I suspect this kind of assumption (p != q means they don't alias) is inherent in a lot of LLVM's optimizations, so I'm worried that Rust might have this problem as well, at least theoretically. I couldn't think of a way to demonstrate it with the API of SliceDeque.

@myrrlyn points out here that the ownership system may make everything safe. It might be nice to have a more formal "proof" of that. I worry that sufficiently creative compiler optimizations could result in two different pointers to the same physical memory being live at the same time.

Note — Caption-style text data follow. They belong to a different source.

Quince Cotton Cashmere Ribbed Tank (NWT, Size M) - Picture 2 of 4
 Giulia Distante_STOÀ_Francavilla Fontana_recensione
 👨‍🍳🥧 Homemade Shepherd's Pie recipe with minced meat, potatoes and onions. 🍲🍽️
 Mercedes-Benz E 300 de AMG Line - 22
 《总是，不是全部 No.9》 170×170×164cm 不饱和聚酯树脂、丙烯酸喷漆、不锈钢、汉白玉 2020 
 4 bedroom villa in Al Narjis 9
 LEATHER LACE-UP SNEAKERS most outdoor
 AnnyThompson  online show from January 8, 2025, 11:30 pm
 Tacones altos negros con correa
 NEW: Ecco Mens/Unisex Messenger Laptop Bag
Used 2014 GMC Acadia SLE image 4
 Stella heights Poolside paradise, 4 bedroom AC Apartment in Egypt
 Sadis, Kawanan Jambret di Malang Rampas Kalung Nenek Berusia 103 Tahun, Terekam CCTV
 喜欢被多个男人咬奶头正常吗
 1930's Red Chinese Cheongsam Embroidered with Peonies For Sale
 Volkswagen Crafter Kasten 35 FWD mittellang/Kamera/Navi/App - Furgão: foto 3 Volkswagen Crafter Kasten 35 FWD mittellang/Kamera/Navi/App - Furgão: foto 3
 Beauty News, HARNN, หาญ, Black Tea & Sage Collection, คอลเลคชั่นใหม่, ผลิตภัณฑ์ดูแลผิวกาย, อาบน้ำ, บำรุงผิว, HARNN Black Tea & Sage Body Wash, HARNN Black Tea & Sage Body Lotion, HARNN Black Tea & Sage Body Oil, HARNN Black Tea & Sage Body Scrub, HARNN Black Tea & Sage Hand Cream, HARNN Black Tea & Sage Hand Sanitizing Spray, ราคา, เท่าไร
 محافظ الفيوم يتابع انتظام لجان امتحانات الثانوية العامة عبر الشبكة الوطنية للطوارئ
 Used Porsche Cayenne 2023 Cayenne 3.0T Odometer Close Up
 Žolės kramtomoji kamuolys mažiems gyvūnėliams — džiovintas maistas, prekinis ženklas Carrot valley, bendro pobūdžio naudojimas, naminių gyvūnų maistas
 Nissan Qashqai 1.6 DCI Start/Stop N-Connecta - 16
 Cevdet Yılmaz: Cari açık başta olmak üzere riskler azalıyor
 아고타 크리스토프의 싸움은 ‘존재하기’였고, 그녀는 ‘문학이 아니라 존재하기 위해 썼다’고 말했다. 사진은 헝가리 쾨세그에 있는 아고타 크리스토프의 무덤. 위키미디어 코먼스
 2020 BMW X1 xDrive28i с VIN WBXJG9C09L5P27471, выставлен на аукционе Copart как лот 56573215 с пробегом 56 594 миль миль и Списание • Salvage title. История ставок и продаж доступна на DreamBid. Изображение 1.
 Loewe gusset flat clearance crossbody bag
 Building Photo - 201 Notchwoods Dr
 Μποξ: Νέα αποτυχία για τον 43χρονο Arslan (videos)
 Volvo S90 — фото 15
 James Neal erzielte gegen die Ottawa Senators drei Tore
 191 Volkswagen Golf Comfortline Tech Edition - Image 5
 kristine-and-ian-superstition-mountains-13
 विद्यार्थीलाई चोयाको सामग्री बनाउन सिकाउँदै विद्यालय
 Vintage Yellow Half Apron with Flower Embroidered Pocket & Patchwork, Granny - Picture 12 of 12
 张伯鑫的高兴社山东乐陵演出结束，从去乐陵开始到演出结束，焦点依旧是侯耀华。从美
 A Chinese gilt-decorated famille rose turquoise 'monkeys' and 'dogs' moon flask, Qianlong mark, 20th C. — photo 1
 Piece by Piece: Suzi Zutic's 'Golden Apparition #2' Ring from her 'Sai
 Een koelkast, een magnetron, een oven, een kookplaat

myrrlyn commented 4 years ago

The problem of surjective virtual addresses can be somewhat sidestepped by using proxy types that use ptr::volatile_{read,write} to interact with the managed buffer, and Deref/Mut to interact with user code. This has the downside of pessimizing optimization, by constructing proxy objects that have a destructor, rather than merely allowing ordinary load/store instructions.

It may also be possible to mark volatility by encoding the buffer as a [UnsafeCell<T>], rather than [T], in the container, and using pointer-casting in reference production to create &/mut T references. I believe that LLVM is restricted from modifying accesses to an UnsafeCell, regardless of the access site's Rust type, but I am not confident on this.

In this case, I would bias towards empirical proof, rather than theoretical: if the test suite indicates that runtime use of the structure shows that surjective pointers behave as expected, the library is "correct enough" going forward until a change to the environment (new behaviors in new LLVM or Rust versions) causes the test to misbehave according to the crate's assumptions.